→ Given information:
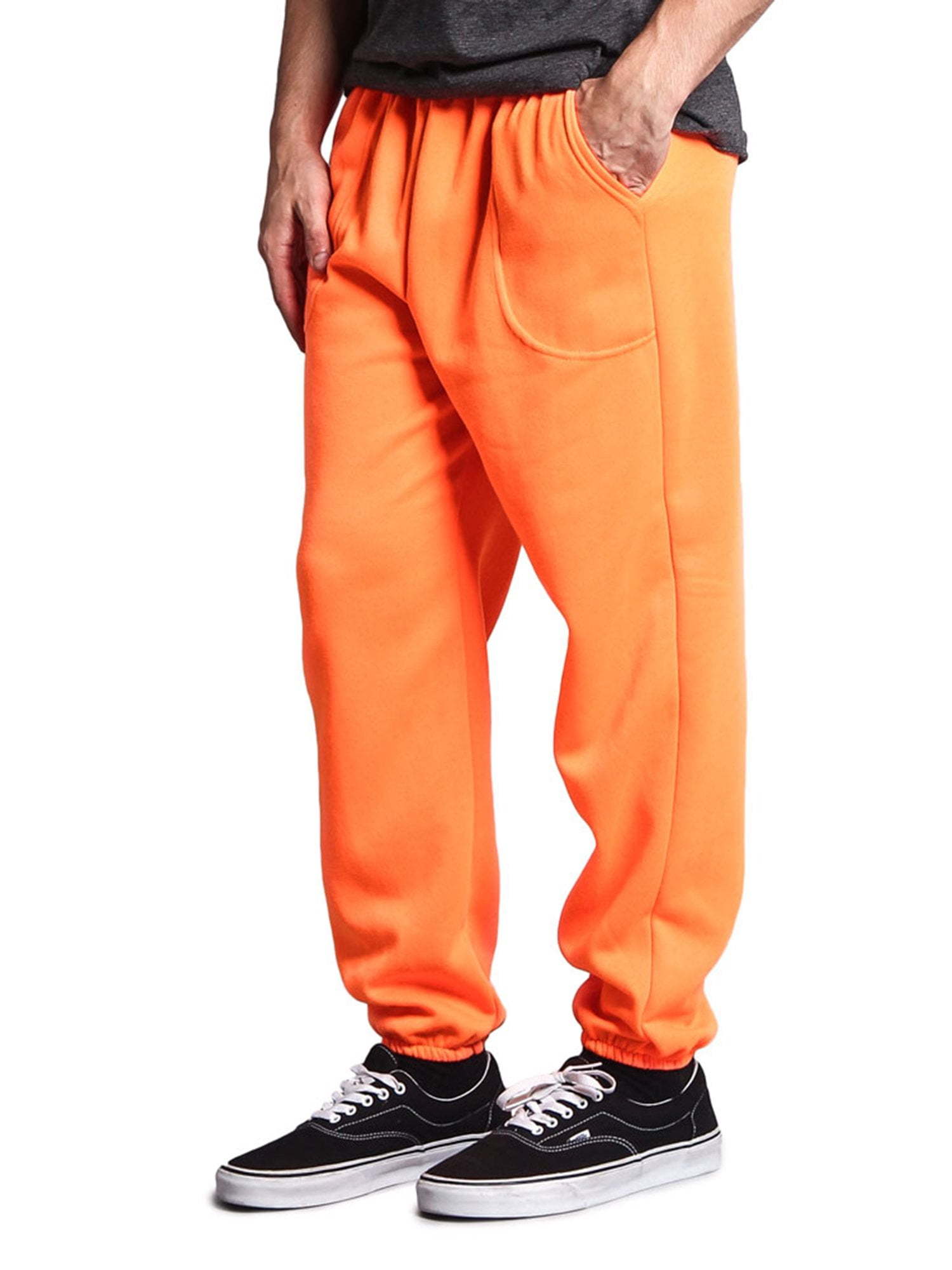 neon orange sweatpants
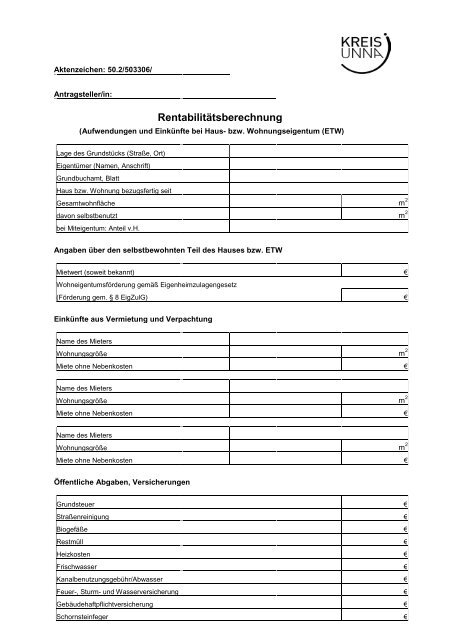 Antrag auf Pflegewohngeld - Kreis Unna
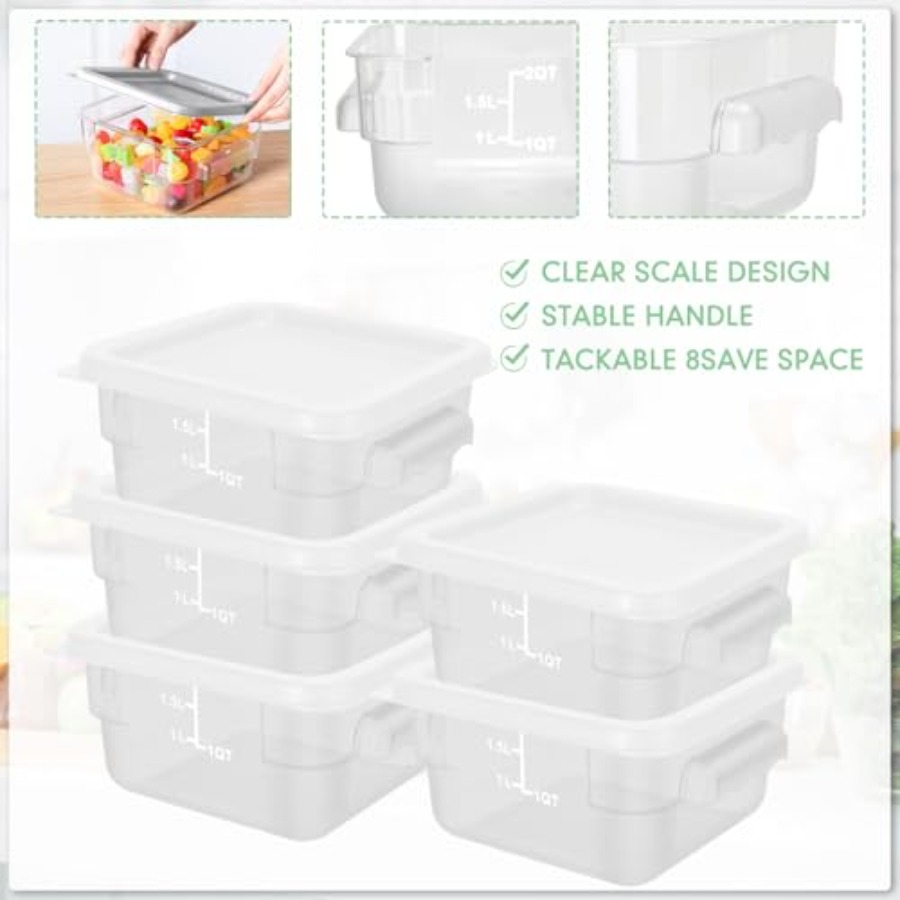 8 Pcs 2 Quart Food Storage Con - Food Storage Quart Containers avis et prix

→ Aim of the exercise: The listing above should be returned word for word, with pictures omitted.

→ Problem solution:
 neon orange sweatpants
 Antrag auf Pflegewohngeld - Kreis Unna
 8 Pcs 2 Quart Food Storage Con - Food Storage Quart Containers avis et prix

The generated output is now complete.